Lelaki Perkasa Untuk Ayah #1



Siapa yang membenci ayahnya ?
Siapa yang ingin membunuh ayahnya ?
Siapa yang tertawa saat ayahnya meninggal ?
Tidak mungkin jika itu hanya aku. Jika memang, apakah aku ini sebagai tumbal untuk kebahagiaan seluruh anak laki-laki di muka bumi ini ?
Pertanyaanku itu tentunya beralasan. Tidak mungkin jika aku memiliki pemikiran busuk terhadap ayahku sendiri, kecuali memang aku sakit jiwa. Ataukah memang aku sakit jiwa ? lalu mengapa aku sakit jiwa ? tentu saja karena dia. Dia yang membuatku berada di dunia ini. Dia yang sangat kasar. Dia yang akan marah jika aku memanggilnya ayah.
Sama seperti kemarin, dua hari yang lalu, satu tahun yang lalu, bahkan tujuh tahun yang lalu. Hari ini aku sudah mengelilingi lapangan yang memiliki panjang 110 meter dan lebar 70 meter sebanyak 12 putaran, itu artinya aku harus menyelesaikan 18 putaran lagi untuk aku dapat pulang ke rumah dan bersiap berangkat sekolah.
Tentu saja aku harus cepat menyelesaikan aturan wajib milik lelaki itu, mengingat waktu sudah menunjukan pukul 04.47 pagi. Ya, latihan ini sudah menjadi rutinitasku setiap pagi. Di mulai pukul 02.00 pagi aku sudah harus berlari dari rumah menuju lapangan ini. Biasanya aku menghabiskan waktu selama tiga jam untuk berlari dan melakukan latihan fisik yang tentunya sudah lelaki itu tanamkan padaku sejak aku masih berusia 10 tahun.
Mulanya lelaki itu mengawasi latihanku ini, namun ketika aku menginjak usia 13 tahun dan ia merasa aku sudah dapat dipercaya, akhirnya ia melepaskan pengawasannya dan membiarkanku menjalankan rutinitas ini seorang diri.
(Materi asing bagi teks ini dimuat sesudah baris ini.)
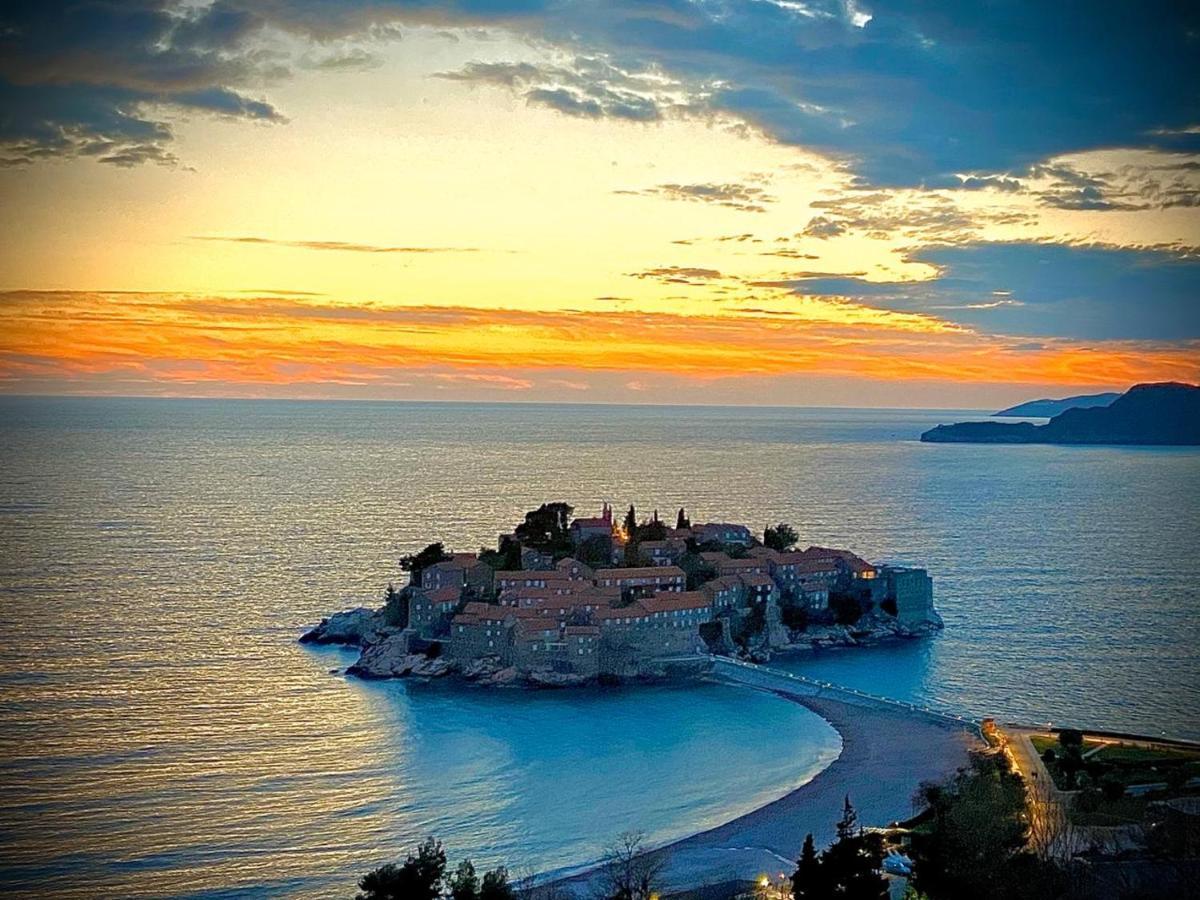 Apartments Aleksandar Sveti Stefan Dış mekan fotoğraf
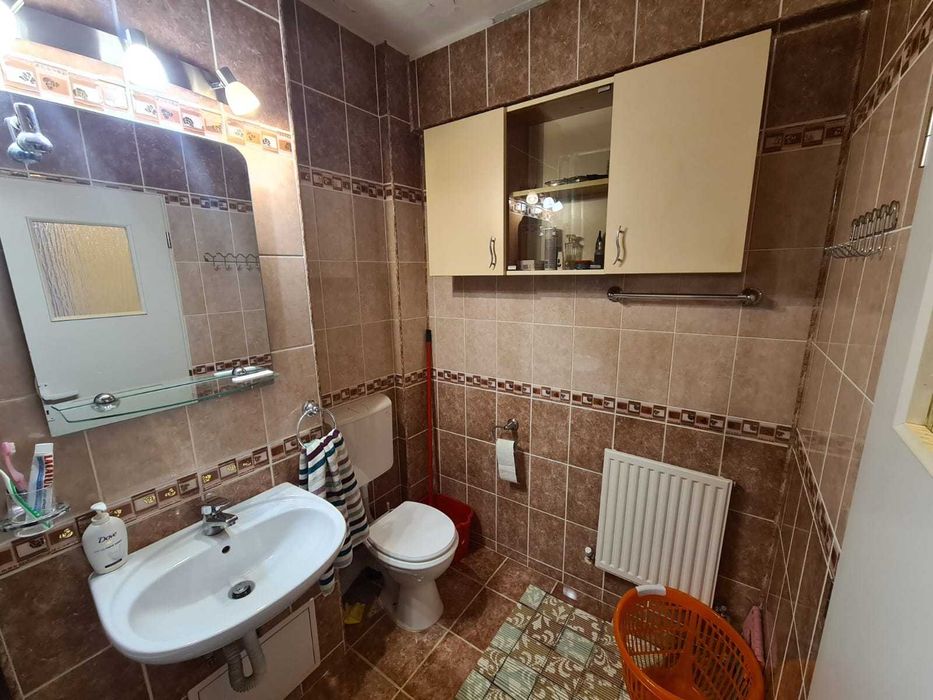 Inchiriez Apartament 1 cameră, 42 mp, decomandat, lângă Iulius Mall (str. Dunarii 29)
Tentu saja saat itu aku hanyalah seorang bocah laki-laki yang ingin menghabiskan waktu untuk tidur ketika memang langit masih memberikan kesempatan siapapun untuk beristirahat.
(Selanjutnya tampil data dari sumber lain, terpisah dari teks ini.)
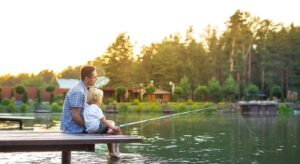 Pomysł na weekend – domek letniskowy nad jeziorem na Mazurach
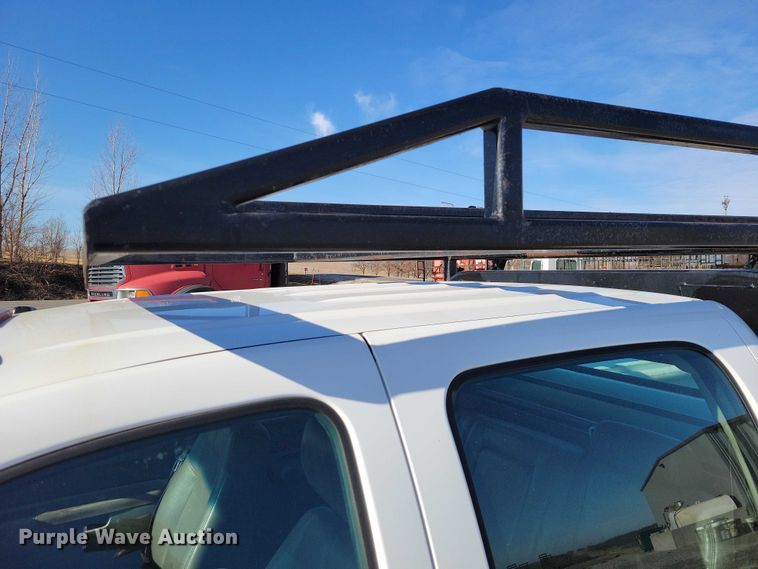 image for item NK9878 2013 Chevrolet  Silverado 3500HD Crew Cab flatbed pickup truck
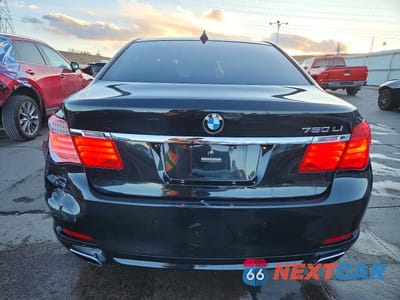 Zdjęcie 6 z 11 samochodu: 2011 BMW 750 LXI VIN:WBAKC8C5XBC433605 - miniatura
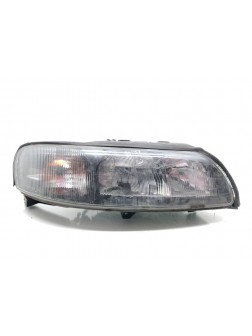 Фара правая бу для Volvo V70  2.4 TD,  2003 г.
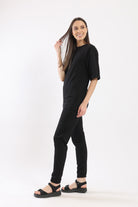 كارينا طقم بيجامة منزل مرن تيشيرت نص كم سادة وبنطلون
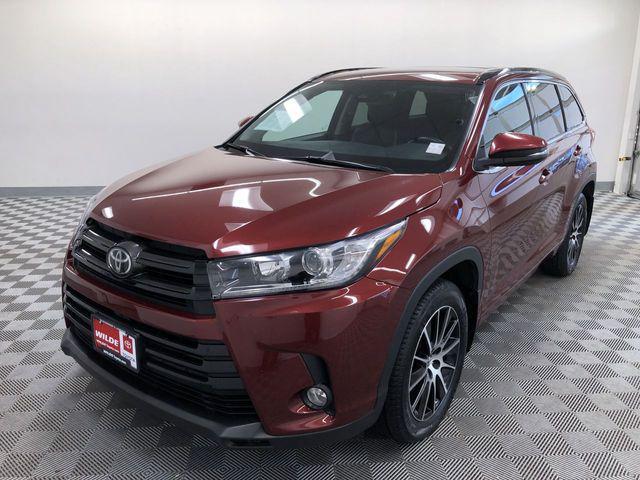 used 2017 Toyota Highlander car, priced at $19,995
Tepat pukul 03.00 pagi aku mulai berlari menuju lapangan, namun tak lantas melanjutkan berlari mengelilingi lapangan luas itu, aku malah mencari tempat untuk terlelap dan menghangatkan diri. Sebenarnya aku sudah dapat menduga, bahwa lelaki itu akan marah besar jika mengetahui kecurangan yang telah aku lakukan. Dan benar, hari sial itu menimpa ku, aku tidak tahu jika lelaki itu mengikutiku sepanjang perjalan menuju lapangan, dan ketika aku mulai menemukan tempat untuk kembali terlelap, ia berteriak membentakkan namaku, raut wajahnya merah menyala di tengah rembulan, sangat marah, lebih marah dibandingkan ketika seorang guru di sekolahku memanggilnya karena aku mencoret tembok sekolah.
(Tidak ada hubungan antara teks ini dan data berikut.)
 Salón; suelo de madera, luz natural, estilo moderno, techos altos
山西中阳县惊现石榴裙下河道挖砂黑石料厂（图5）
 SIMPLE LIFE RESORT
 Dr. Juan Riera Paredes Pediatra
Sejak kejadian itu, ia mulai mengawasiku kembali, bahkan latihanku kali ini ia tambah menjadi semakin berat. Mulanya aku berlari pada pukul 03.00 pagi dan hanya berlari mengelilingi lapangan sebnyak 15 putaran. Namun, kali ini ia menyuruhku mulai berlari pada pukul 02.00 pagi, berlari mengelilingi lapangan sebanyak 30 putaran, dan melakukan berbagai macam latihan fisik untuk bela diri.
Bukan hanya itu, karena memang ia tidak memberikanku kendaraan, akhirnya untuk berangkat dan pulang dari sekolah akupun harus berlari, mengingat jarak antara rumah dan sekolahku terbilang lumayan jauh dan perlu menghabiskan waktu lebih dari satu jam jika tanpa kendaraan.
Begitupun sore hari, aku harus berlatih fisik untuk bela diri. Sejak saat dimana usiaku 10 tahun hingga saat ini usiaku 17 tahun, aku tidak memiliki kesempatan untuk bermain dengan wanita manapun, aku diajarkan untuk bergaul hanya dengan para lelaki. Entahlah, lelaki itu mengajarkanku untuk tetap tumbuh menjadi seorang lelaki yang perkasa, pantang menyerah, dan tidak takut akan apapun, juga tidak boleh bergaul dengan wanita, kecuali ibuku.
“Jangan biarkan tubuhmu terluka, kecuali saat berlatih”. Itu yang selalu ia tekankan padaku. Walau aku sudah hidup dengannya selama 17 tahun, aku tidak pernah mendengar sepatah katapun apa yang pantas seorang ayah katakan pada anaknya, kecuali “jadilah lelaki!” “cepat lari!” “jangan menangis kau bukan wanita!” “pecundang!” “brengsek!” “Jangan biarkan tubuhmu terluka, kecuali saat berlatih!” dan tentu saja “jangan pernah panggil aku ayah!”.
Begitulah, aku tumbuh dengan segala latihan fisik yang berat dan perkataan kasarnya. Sesungguhnya aku sudah terbiasa dengan rutinitasku setiap hari. Namun seiring dengan aku yang sudah terbiasa, aku pun mulai muak dan ingin berontak terhadap perlakuannya yang terus ingin aku menjadi seorang lelaki. Aku sungguh tidak mengerti apa yang ia maksud untuk menjadi seorang lelaki. Apakah aku ini tidak terlihat sebagai seorang anak laki-laki dimatanya?